▸ **ASSIGNMENT**: Below are records with pictures. Reproduce exactly the lines from the line with "SEE-THROUGH SLEEVELESS TOP (2 COLORS)" to the line with "Naturalis Cukrový telový", inclusive, and leave each picture out.

▸ **DATASET RECORDS**:
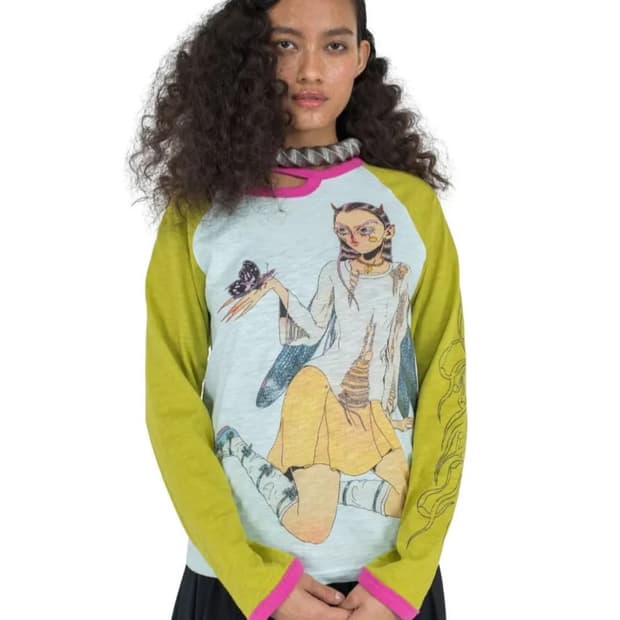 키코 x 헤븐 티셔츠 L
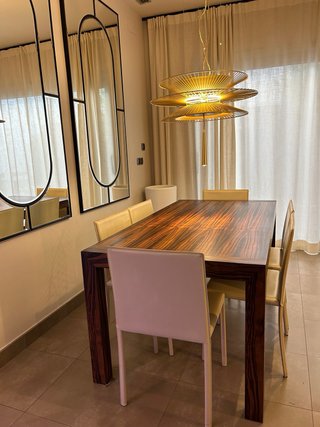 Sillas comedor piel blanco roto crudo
* * *
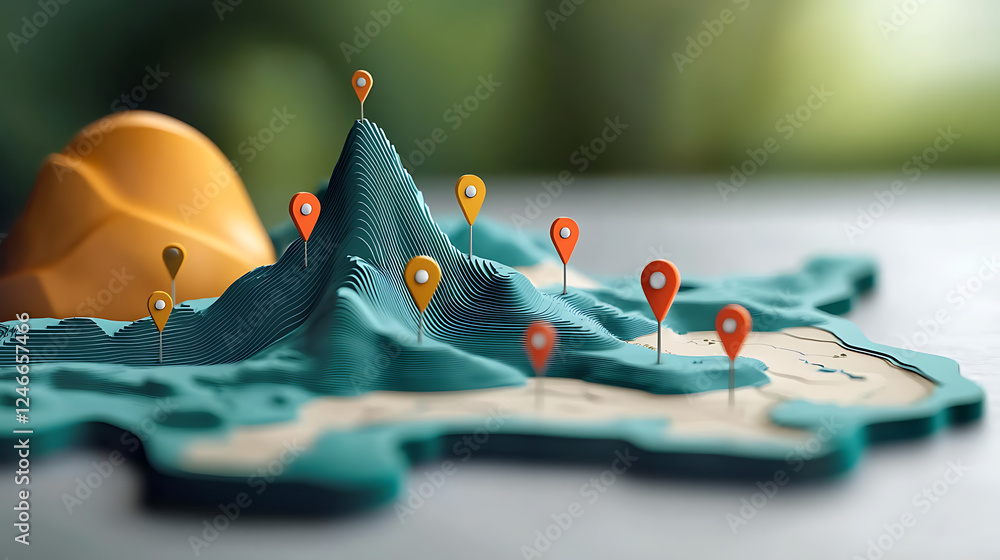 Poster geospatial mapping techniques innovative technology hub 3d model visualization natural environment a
--
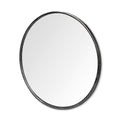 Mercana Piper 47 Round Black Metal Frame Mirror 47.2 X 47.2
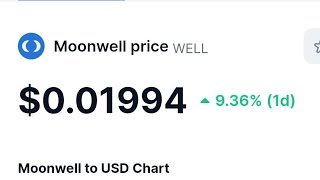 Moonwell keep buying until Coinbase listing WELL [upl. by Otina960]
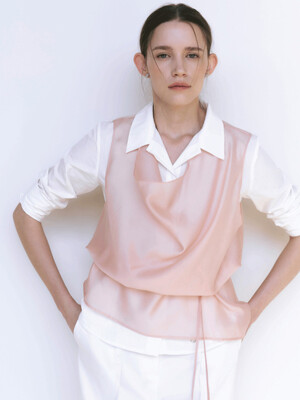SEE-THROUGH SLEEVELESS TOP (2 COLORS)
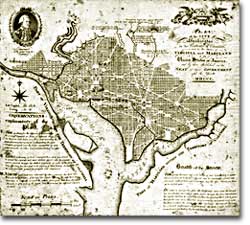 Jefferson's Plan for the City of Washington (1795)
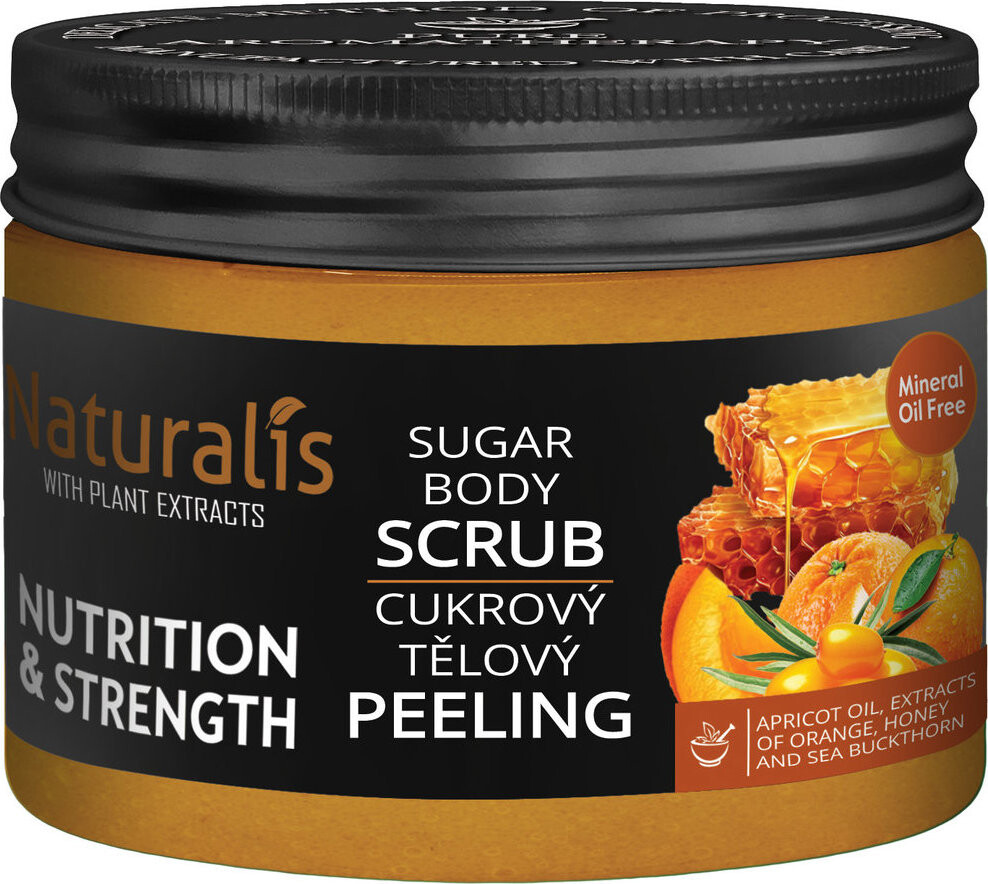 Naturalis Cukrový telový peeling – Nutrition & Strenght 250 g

▸ **RESULT FOR THIS TASK**:
SEE-THROUGH SLEEVELESS TOP (2 COLORS)
 Jefferson's Plan for the City of Washington (1795)
 Naturalis Cukrový telový peeling – Nutrition & Strenght 250 g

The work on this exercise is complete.